Clinical characteristics, treatment patterns, and outcomes in secondary AML: A large scale registry study

Secondary acute myeloid leukemia (sAML) accounts for 18–28% of total AML cases and is associated with poor overall survival (OS) and relapse-free survival (RFS). There are many treatment strategies for sAML; however, hematopoietic stem cell transplant (HSCT) is the only curative option. Furthermore, clarity is needed as to whether sAML should be considered an independent prognostic factor. Data have shown that patients diagnosed with sAML are usually of older age, and frequently present with comorbidities, which may influence the poor survival outcomes in this population.

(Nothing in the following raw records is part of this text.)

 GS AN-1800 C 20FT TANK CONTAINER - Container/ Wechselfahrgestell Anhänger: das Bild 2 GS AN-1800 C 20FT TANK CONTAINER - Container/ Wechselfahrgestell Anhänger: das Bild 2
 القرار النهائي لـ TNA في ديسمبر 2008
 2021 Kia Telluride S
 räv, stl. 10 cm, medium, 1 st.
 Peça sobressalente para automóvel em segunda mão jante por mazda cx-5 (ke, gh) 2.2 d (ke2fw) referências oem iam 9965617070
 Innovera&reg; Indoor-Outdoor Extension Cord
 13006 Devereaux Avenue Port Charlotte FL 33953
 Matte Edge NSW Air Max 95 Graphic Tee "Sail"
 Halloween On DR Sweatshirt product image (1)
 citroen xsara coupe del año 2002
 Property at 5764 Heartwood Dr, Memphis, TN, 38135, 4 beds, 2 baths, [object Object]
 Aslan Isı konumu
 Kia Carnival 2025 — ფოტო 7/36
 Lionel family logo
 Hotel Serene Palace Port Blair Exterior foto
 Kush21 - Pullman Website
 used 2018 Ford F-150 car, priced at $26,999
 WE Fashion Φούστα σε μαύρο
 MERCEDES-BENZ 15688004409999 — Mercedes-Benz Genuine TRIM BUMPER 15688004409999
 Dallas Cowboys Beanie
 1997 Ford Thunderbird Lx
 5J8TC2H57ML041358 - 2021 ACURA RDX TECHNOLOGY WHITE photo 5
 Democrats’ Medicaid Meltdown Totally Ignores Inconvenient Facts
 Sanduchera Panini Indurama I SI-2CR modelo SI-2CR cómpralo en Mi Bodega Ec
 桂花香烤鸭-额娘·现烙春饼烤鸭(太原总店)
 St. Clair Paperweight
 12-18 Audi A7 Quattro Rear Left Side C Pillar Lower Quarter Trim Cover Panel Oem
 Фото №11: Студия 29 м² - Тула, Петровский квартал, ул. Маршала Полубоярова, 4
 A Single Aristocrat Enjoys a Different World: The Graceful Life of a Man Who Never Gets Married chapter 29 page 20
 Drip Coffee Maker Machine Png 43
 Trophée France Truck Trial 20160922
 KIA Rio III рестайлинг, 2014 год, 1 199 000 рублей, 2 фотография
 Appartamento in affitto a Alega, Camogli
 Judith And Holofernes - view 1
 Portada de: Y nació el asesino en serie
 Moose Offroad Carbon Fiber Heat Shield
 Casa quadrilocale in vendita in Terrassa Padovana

A registry study published by Martínez-Cuadrón et al.¹ in Blood Advances analyzed the clinical characteristics, treatment patterns, and outcomes of >2,000 patients diagnosed with sAML and compared these data with patients diagnosed with de novo AML. We summarize the key results from these analyses below.

Study design

A registry study (NCT02607059) analyzing adult patients in Spanish and Portuguese institutions between 1990–2019 reported to the multinational PETHEMA AML registry.

Figure 1. Study design*

3+7, idarubicin or daunorubicin and Ara-C; AZA, azacitidine; CR, complete remission; CRi, complete remission with incomplete hematologic recovery; DEC, decitabine; EFS, event-free survival; FLAG-Ida, fludarabine, idarubicin and Ara-C; FLAGIDA-Lite, fludarabine, Ara-C and idarubicin; FLAT, fludarabine, Ara-C and topotecan; FLUGA, fludarabine and Ara-C; ICE, idarubicin, Ara-C, and etoposide; LDAC, low-dose cytarabine; OS, overall survival; sAML, secondary acute myeloid leukemia.
*Adapted from Martínez-Cuadrón et al.¹

Results

Baseline characteristics

Patients with sAML included those with:

• AML derived from myelodysplastic syndromes (MDS-AML; 44%, n = 884)
• AML derived from myelodysplastic/myeloproliferative neoplasms (MDS/MPN-AML; 10%, n = 209)
• AML derived from MPN (MPN-AML; 11%, n = 226)
• antecedent neoplasia without prior chemotherapy/radiotherapy (neo-AML; 9%, n = 179)
• therapy-related AML (t-AML; 25%, n = 502)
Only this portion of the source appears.